A self-proclaimed “band geek,” Johnson followed his interest in music by playing drums in his high school band. However, when it came time to head to Western Kentucky University, where Johnson attended college, he found that an entire drum kit wouldn’t fit in his dorm room.

“They don’t appreciate it when you bring drums to the dorm,” said Johnson. “So I switched to guitar… At that point, it was just a borrowed guitar… From there, I learned four chords and became obsessed. I started writing immediately and learning (cover) songs I liked.”

It was there at WKU where Johnson would begin, like many singer-songwriters do, playing in coffee shops. Johnson credits the fan reaction to his cover of “Mr. Jones” by Counting Crows as the moment he realized he wanted to pursue this as a career.

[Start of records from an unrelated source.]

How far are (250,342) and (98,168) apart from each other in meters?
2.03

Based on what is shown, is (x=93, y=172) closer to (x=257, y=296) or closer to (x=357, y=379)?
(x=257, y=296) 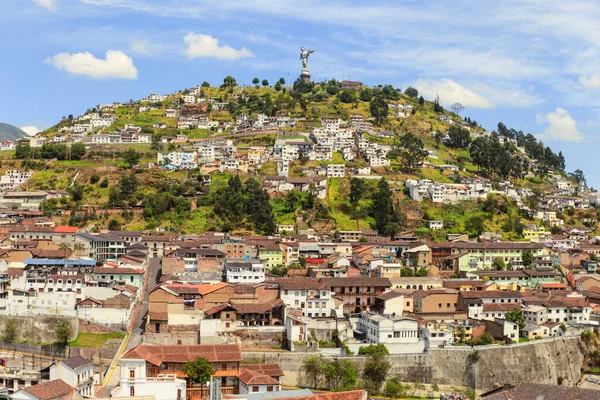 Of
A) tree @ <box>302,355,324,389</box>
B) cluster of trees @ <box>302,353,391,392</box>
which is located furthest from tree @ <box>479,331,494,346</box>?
tree @ <box>302,355,324,389</box>

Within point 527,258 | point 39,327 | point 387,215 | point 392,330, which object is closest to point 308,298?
point 392,330

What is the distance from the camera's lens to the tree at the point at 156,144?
85125 mm

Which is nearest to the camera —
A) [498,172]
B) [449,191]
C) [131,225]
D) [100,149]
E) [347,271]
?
[347,271]

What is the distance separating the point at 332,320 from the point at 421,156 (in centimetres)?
4584

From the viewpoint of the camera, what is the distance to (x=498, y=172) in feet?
292

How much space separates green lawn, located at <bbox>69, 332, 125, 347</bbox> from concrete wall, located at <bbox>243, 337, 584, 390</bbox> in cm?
771

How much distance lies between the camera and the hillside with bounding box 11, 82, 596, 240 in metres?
66.4

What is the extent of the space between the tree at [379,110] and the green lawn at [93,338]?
6636 centimetres

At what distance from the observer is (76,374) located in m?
32.7

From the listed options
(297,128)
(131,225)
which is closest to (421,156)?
(297,128)

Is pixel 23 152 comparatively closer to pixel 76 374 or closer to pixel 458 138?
pixel 76 374

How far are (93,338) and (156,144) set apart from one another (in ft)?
159

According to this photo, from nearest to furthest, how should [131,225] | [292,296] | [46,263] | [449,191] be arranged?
1. [292,296]
2. [46,263]
3. [131,225]
4. [449,191]

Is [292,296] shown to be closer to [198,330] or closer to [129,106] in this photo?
[198,330] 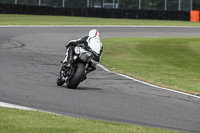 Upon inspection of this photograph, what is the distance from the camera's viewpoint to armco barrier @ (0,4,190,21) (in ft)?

“I played at this place called the Java House,” said Johnson. “It was the first open mic I ever did. I played like two or three of the very shitty songs I wrote, and then I played “Mr. Jones” by Counting Crows, and everyone started bobbing their heads. I was like there; this is what I love to do. I don’t know what it was about that validation, but I was addicted immediately.”

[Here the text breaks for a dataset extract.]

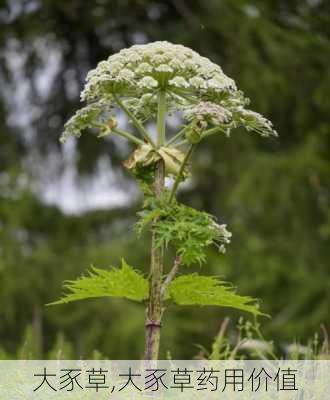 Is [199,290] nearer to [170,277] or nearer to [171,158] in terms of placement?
[170,277]

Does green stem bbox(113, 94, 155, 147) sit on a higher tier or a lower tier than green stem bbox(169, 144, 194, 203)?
higher

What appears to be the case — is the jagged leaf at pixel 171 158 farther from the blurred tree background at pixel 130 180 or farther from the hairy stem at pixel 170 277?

As Johnson continued to play the Bowling Green bar circuit, he continued to hone his craft. Playing covers of Bruce Springsteen, Tom Petty, Oasis, and more, it was here that Johnson says he began to find his voice.

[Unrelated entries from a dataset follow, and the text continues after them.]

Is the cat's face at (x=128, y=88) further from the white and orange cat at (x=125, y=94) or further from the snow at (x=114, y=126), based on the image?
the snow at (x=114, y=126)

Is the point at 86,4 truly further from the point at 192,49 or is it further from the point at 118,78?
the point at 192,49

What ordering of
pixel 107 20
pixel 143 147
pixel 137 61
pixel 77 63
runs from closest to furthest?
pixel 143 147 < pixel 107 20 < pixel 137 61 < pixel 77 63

“When you tend to do covers, you try to throw your own songs in the middle. I call it a shit sandwich,” said Johnson. “Like, are they going to notice my song in between these two songs that they know? It started to get to the point that they didn’t… At that point, you do start to become confident in your own songwriting. I went from writing songs about sneaking out with a girl to writing about real shit that affects you. I think that’s really where you begin to find your voice.”

After graduating from WKU, Johnson found himself lost. A recent college graduate with an English degree, and splitting time between working the night shift at a hotel and working at an Australian-themed Animal Park called “Kentucky Down Under.” He worked with Kangaroos and Wallabies and taught visitors Australian culture. Now, in all of his worldly travels, Johnson has still admittedly never been to Australia.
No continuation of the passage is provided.